Como cada noche del año, una profunda oscuridad invade Ndabibit, una pequeña aldea situada en la parte occidental de Kenya, a 200 kilómetros del lago Victoria. Pasan un par de minutos de las cuatro y media de la madrugada. No se mueve ni un alma. Y no se distingue ningún rescoldo de luz porque el poblado carece de electricidad desde las primeras fechas de la década de los ochenta.
En ese mismo instante, al otro lado del Océano Atlántico, en el Estadio Olímpico de Río de Janeiro, Faith Kipyegon cruza la línea de meta de la final del 1.500 en primera posición.
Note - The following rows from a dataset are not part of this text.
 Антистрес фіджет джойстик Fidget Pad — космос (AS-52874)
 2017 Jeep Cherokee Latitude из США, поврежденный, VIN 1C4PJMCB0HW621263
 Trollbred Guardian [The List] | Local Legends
Alza los brazos y se lleva las manos a la cara para posteriormente derrumbarse sobre el tartán. El oro es suyo. Pero en Ndabibit, su pueblo natal, nadie se entera de dicha gesta hasta el día siguiente.
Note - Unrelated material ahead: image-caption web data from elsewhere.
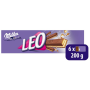 Milka Leo  Biscuits  Wafers Chocolate 6 Pcs 200g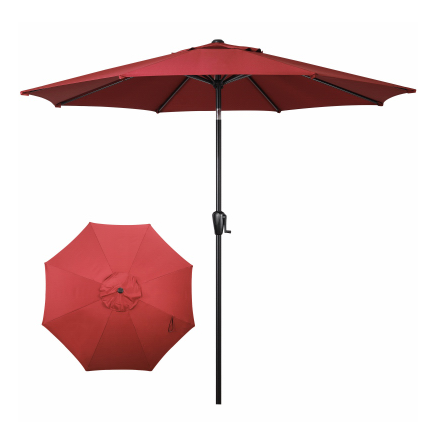 SR 9' Burg STL Umbrella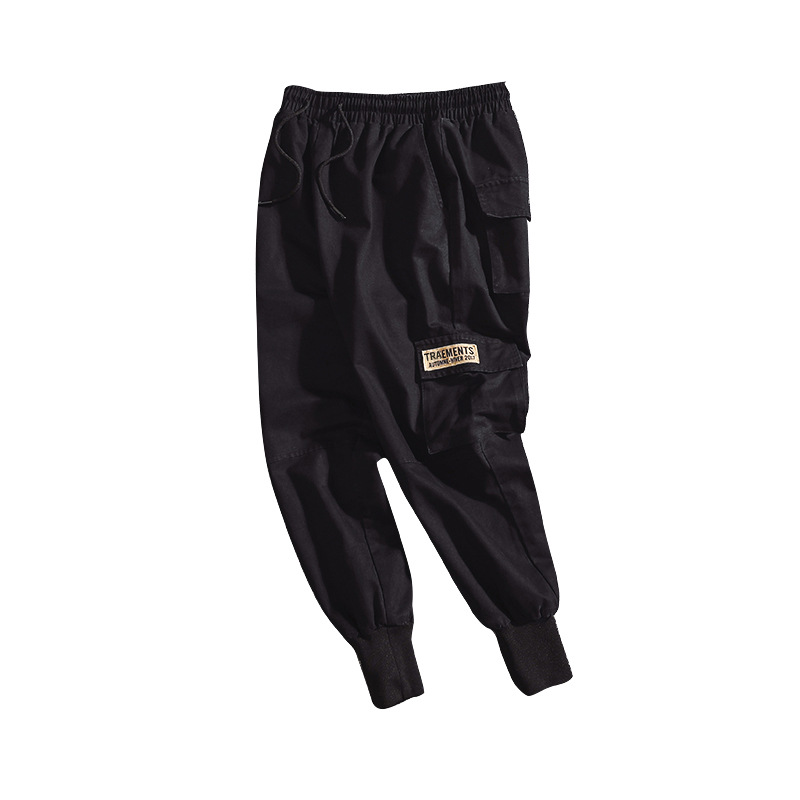 Teenage Student Trousers With Leggings And Multiple Pockets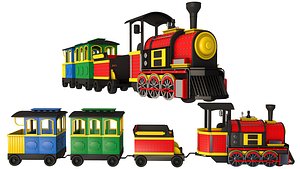 Children Train Wattman Mini Express model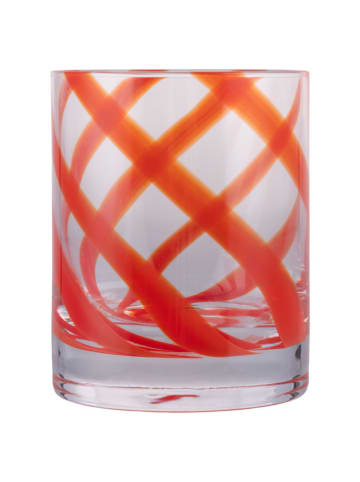 Villa d´Este Szklanki (6 szt.) "Vertigo" w kolorze czerwonym - 340 ml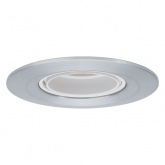 Светильник встраиваемый Paulmann Nova Retro E27 max1x10W Матовый алюминий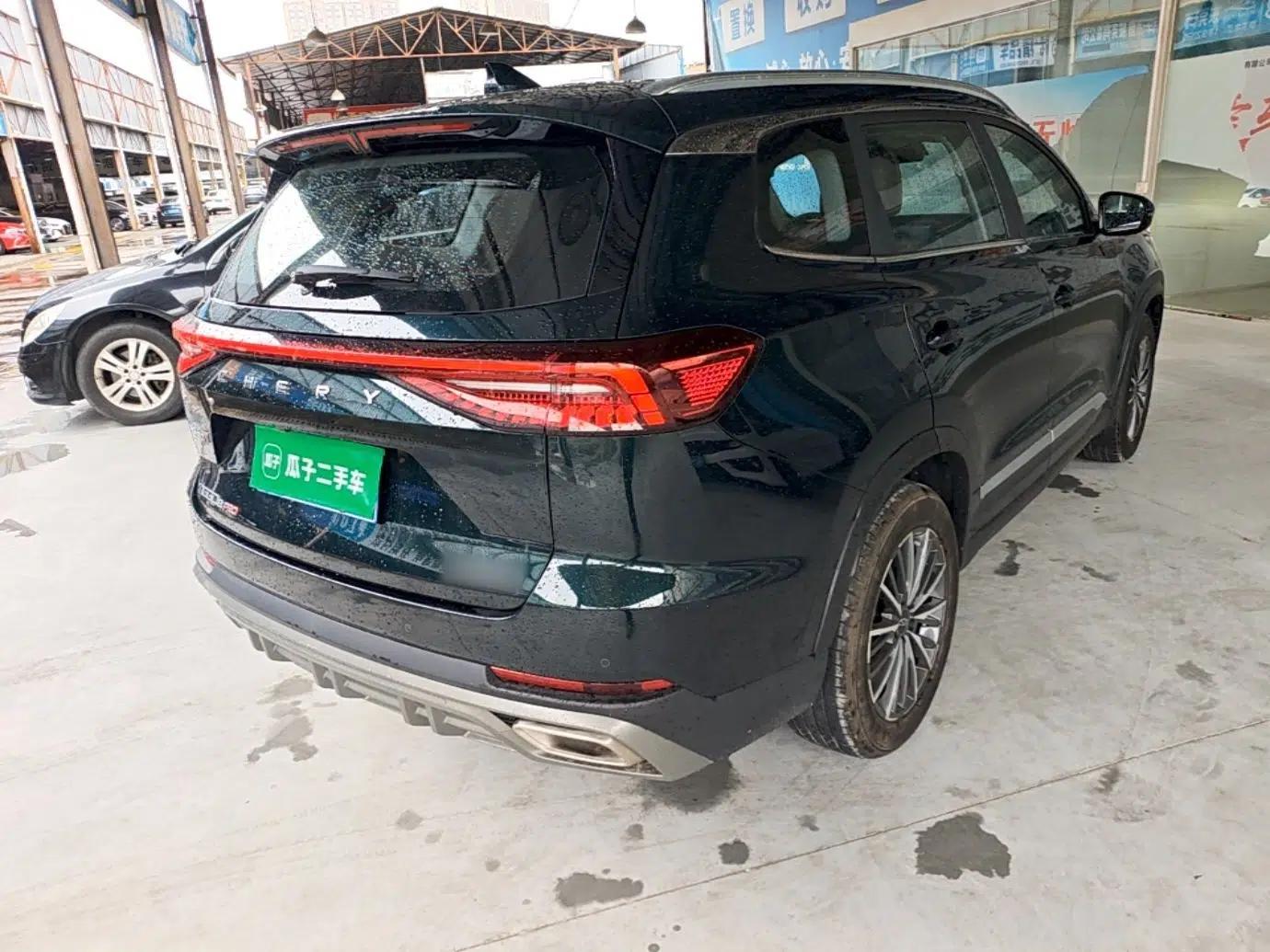 Chery Tiggo 8 PRO 2024 Champion Edition 290T Two-Wheel Drive Peak Version 7 Seats — миниатюра 6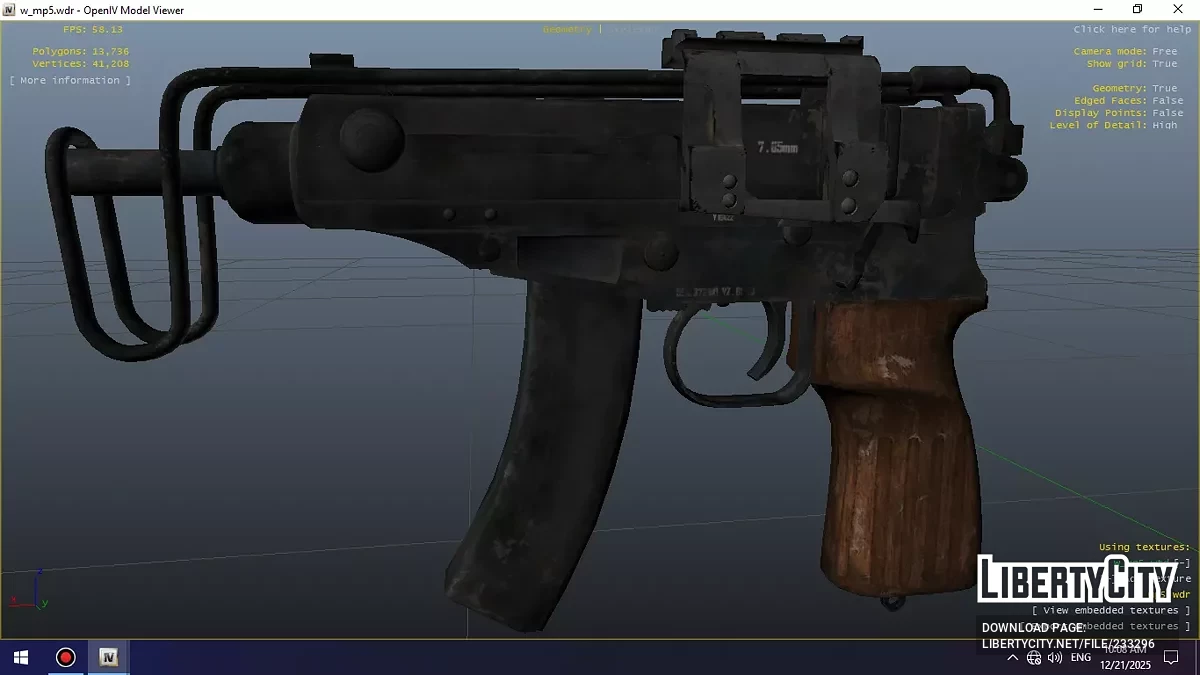 Škorpion vz. 61 / GTA 4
La joven fondista keniata de 22 años derrotó en la cidade maravilhosa a la invencible Genzebe Dibaba, plusmarquista mundial de la distancia. Era su primera gran victoria en una competición internacional -había quedado subcampeona del mundo en Pekín 2015 por detrás de la etíope- y el despegue definitivo de una prometedora carrera atlética. Pero el triunfo en el plano deportivo no fue sólo un número más que sumar al medallero, sino que se convirtió en la coartada perfecta para dar visibilidad a las condiciones tercermundistas de Ndababit.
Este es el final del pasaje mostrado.